GFP-sacB Characterization

Inoculate cells with GFP-sacB gene from the cell stock.

Add 5mL of LB media and 5µL of the appropriate antibiotic to a Falcon tube.

Incubate the Falcon tube at 37°C in an incubator.

Decide the concentrations of IPTG and sucrose solutions for characterization.

Prepare new Falcon tube(s).

Add 5mL of M9 media, 5µL of the appropriate antibiotic, and 100µL of cells cultured the previous day.

Add the required volume of IPTG to reach the desired concentration.

Incubate the cells for 2h 0m 0s at 37°C.

Prepare a sterile 96-well plate.

Design an appropriate plate map, each sample (with a particular IPTG and sucrose concentration) must be repeated 3 times. Example of plate map:

Adjust sucrose concentration by adding DI water and sucrose solution to each well (final volume of 20µL) according to the plate map.

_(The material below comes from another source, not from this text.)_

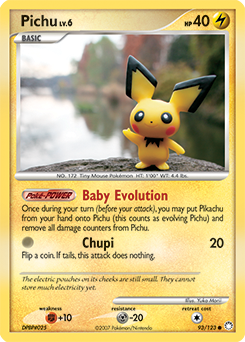 Pichu — Mysterious Treasures 093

Add 200µL of cultured cells to each well already containing DI water and sucrose solution (final well volume of 220µL).

Add at least 3 wells of 220µL of M9 media as the blank (negative control).

Place the 96-well plate into the plate reader.

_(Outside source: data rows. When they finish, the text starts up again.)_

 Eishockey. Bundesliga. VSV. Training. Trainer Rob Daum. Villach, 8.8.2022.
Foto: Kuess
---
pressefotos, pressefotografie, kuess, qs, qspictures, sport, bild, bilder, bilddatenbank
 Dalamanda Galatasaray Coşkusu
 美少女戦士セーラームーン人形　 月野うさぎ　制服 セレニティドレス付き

Create a protocol in the plate reader's software according to the following setting:

A	B
Plate Type	96 WELL PLATE
Set Temperature	Setpoint 37°C
	Preheat before moving to next step
Start Kinetic	Runtime 6:10:00 (HH:MM:SS), Interval 0:30:00, 13 Reads
Shake	Orbital: Continuous
	Frequency: 282 cpm (3 mm)
Read 1	Absorbance Endpoint
	Full Plate
	Wavelengths: 600
	Read Speed: Normal, Delay: 100 msec, Measurements/Data Point: 8
Read 2	Fluorescence Endpoint
	Full Plate
	Excitation: 485, Emission: 528
	Optics: Top, Gain: 100
	Light Source: Xenon Flash, Lamp Energy: High
	Read Speed: Normal, Delay: 100 msec, Measurements/Data Point: 10
	Read Height: 7 mm
End Kinetic

Start the continuous reading.

After the reading is complete, remove the 96-well plate from the plate reader.

Save the data as a CSV file for future analysis.

Discard the used 96-well plate in a biohazard bin.